With Great Social Media Power Comes Great Responsibility
(This story has been updated with a newer idea here: A Plan for Social Media Sites (and users) to Give Back)
Digg, StumbleUpon, Reddit, Slashdot, Newsvine, NowPublic, Yahoo! Buzz. Between these seven sites, traffic to a particular website can easily exceed 100,000, potentially much higher.
With so much power to drive people to various websites across the Internet, why are none of them greatly involved with charity? I’m not talking about donating – I’m sure that the companies or their executives donate. I’m talking about making a difference. I’m talking about using their power to drive traffic and applying it to charity websites.
The reason that they don’t is that they (other than Slashdot) are strictly driven by the actions, likes, and intentions of the users. You could argue that there is a human hand or two manipulating the system from time to time, but that’s an entirely different post.
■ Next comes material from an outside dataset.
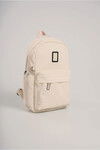 Beige Womens Textile Crossbody Backpack 17984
Would it be wrong or unjustified to use the server-busting power of their front pages for an occasional bit of philanthropy? It wouldn’t be hard to do at all. There would be those who would cry out “don’t preach to me” or “keep your humanity to yourself” but for the most part, I believe the communities would embrace it. Who knows – they might just learn something from time to time that has more substance than lolcats and bacon.
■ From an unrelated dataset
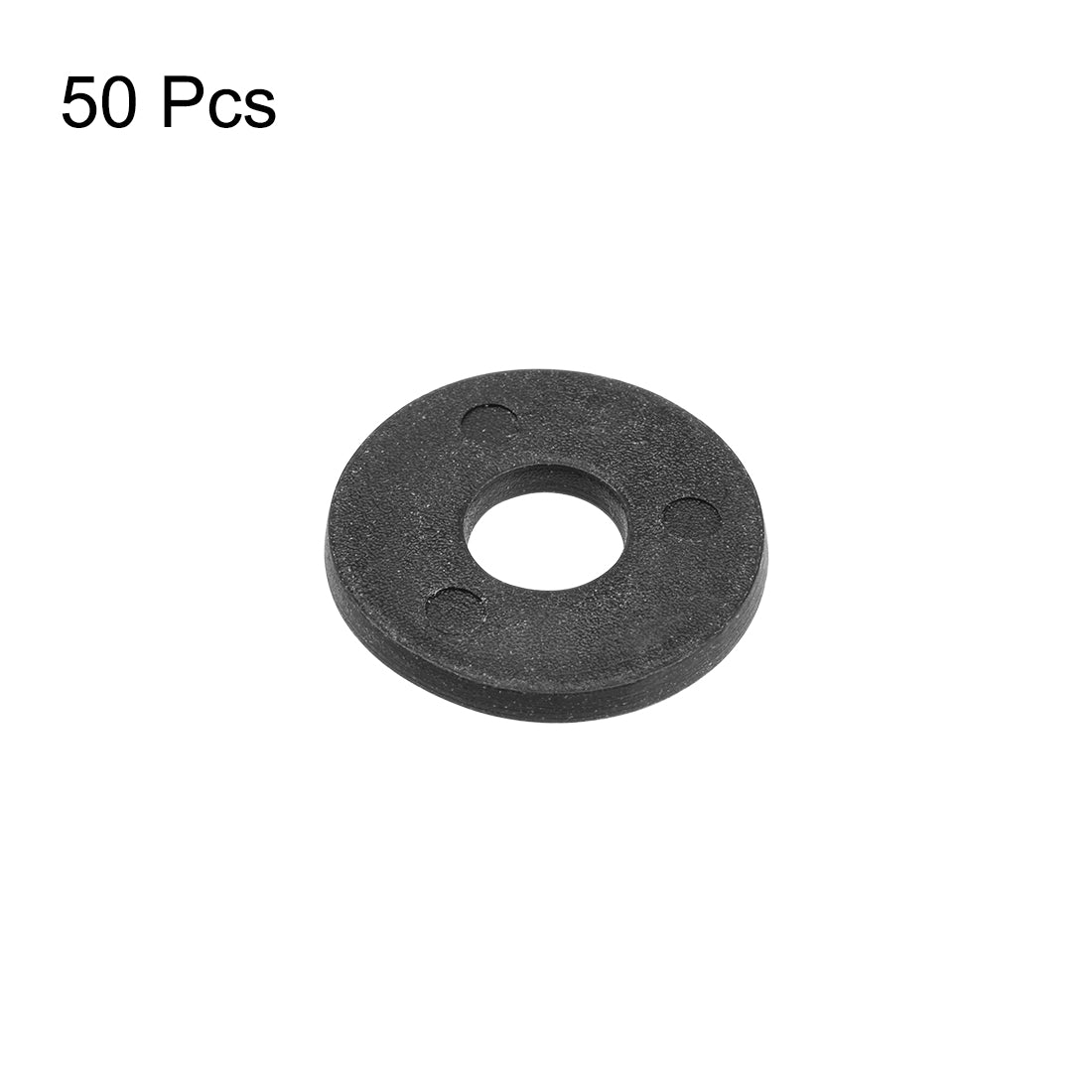 uxcell Uxcell Nylon Flat Washers for Screws Bolts 50PCS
Digg could very easily create a category for charity. They could hire a handful of people to moderate the category more closely than others to keep the spam to a minimum. The threshold could be lowered a bit (if necessary, though it probably wouldn’t be) to get a story or two a day on the front page.
As with all categories, if a user doesn’t want “charity shoved down their throat” they can always turn the category off completely.
Reddit could adopt a different type of charitable technique. By making a charity subreddit that was featured as one of the primary selections on the front page and making it a default, the subreddit would grow quickly. No need for moderators – the community self-moderates well.
Even better, they can integrate their technology into a new site dedicated to charity, activism, and philanthropy.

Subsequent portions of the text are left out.